Can someone find me “another me”?

Just in from the longest day (pre-workout may be fuelling this post, be warned) Armed with my dinner, I-Pad blaring out PARRI$ and my notes from the day.

Wow

How many times do we wish we had another “me” ? I tell you what, I must wish this several times a week! After the longest meeting today about my son, and a much needed sports massage I am beat.

My son has Asperger’s and ADHD, No one can prepare you for adulthood and where they will end up. It’s a terrifying thought, and everyday, another meeting. It’s never-ending and no one can tell you or show you how to handle it, nor how to support the person with these conditions. God I’m making this sound morbid! it’s not all bad at all. It’s just hard work.

Everyday  I’m proud of him for getting this far, and everyday I have a word with myself and remind myself why I do this. Why does any parent? I mean it’s our job, even if it feels thankless at times.

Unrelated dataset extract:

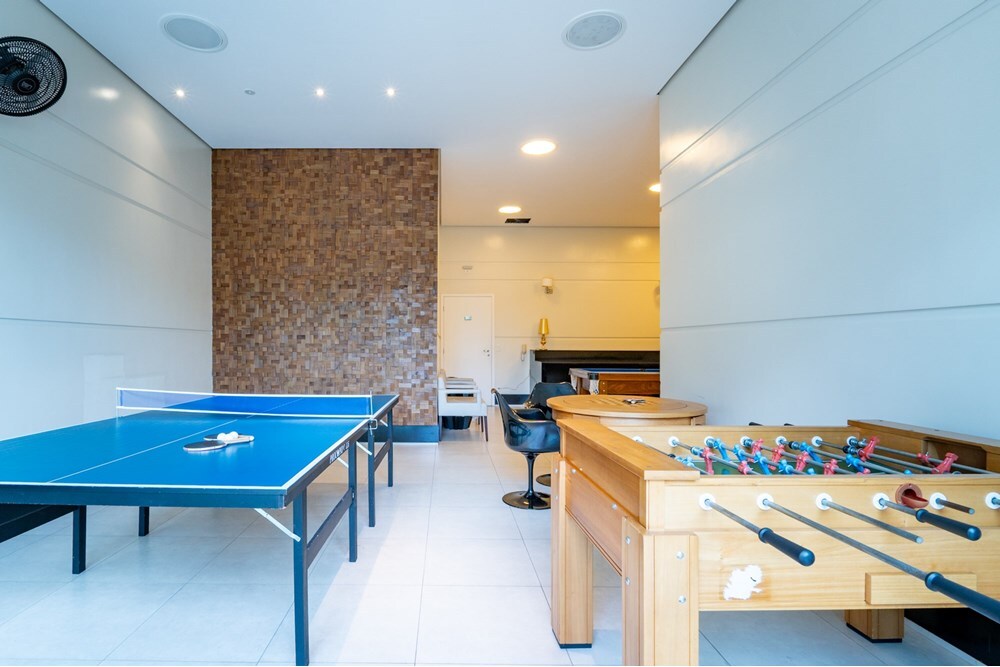 Apartamento, 2 quartos, 81 m² - Foto 25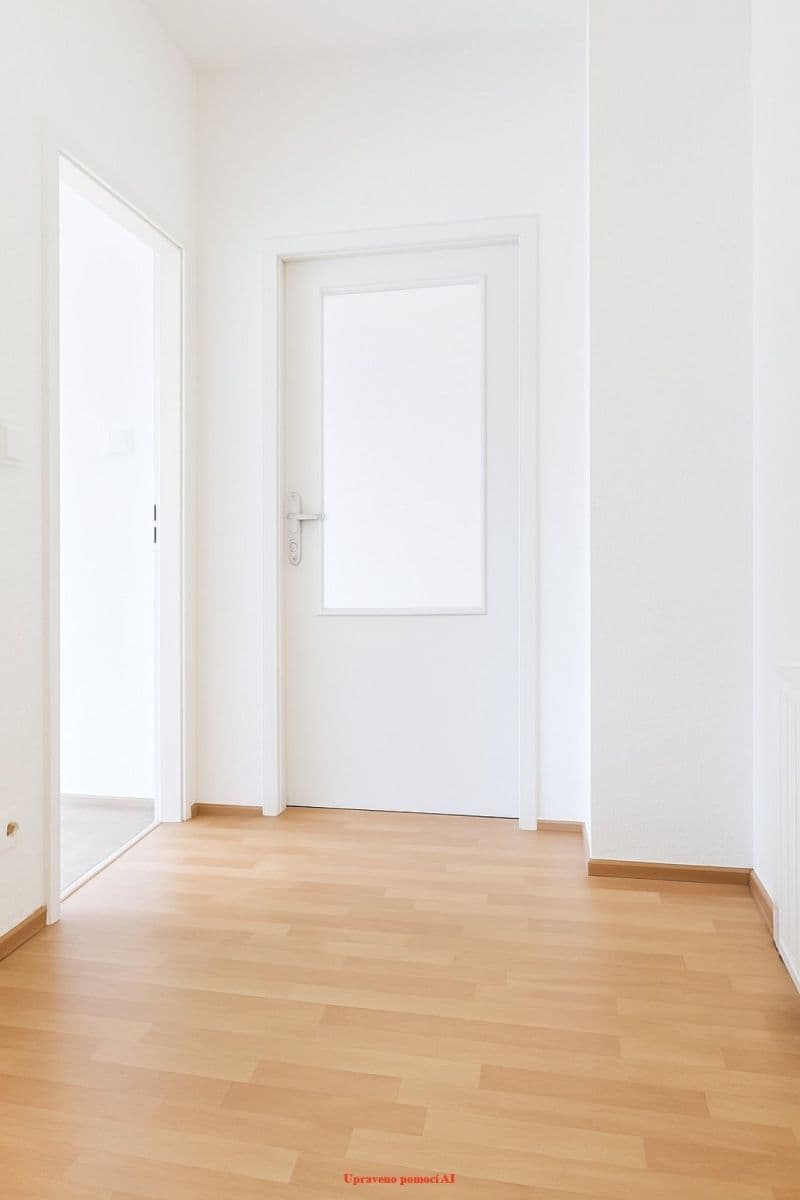 Pronájem bytu 2+1 47 m², Ostrovského, Havířov, Moravskoslezský kraj Pronájem bytu 2+1 47 m², Ostrovského, Havířov, Moravskoslezský kraj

Back to me walking in the door…

 

I have the answer to my day! Protein pancakes and Face Mask “Hurrah” and no not together ha ha. However both guaranteed to perk me up after a long day. Time to re-fuel and reflect, and plan the day ahead tomorrow.

Maybe, one day find another me, to help me do all the jobs I have to do.. but for now I’ll continue doing what I’ve always done, being the queen of procrastination and lists.

Off to enjoy my pancakes and soak in the bath with my face mask.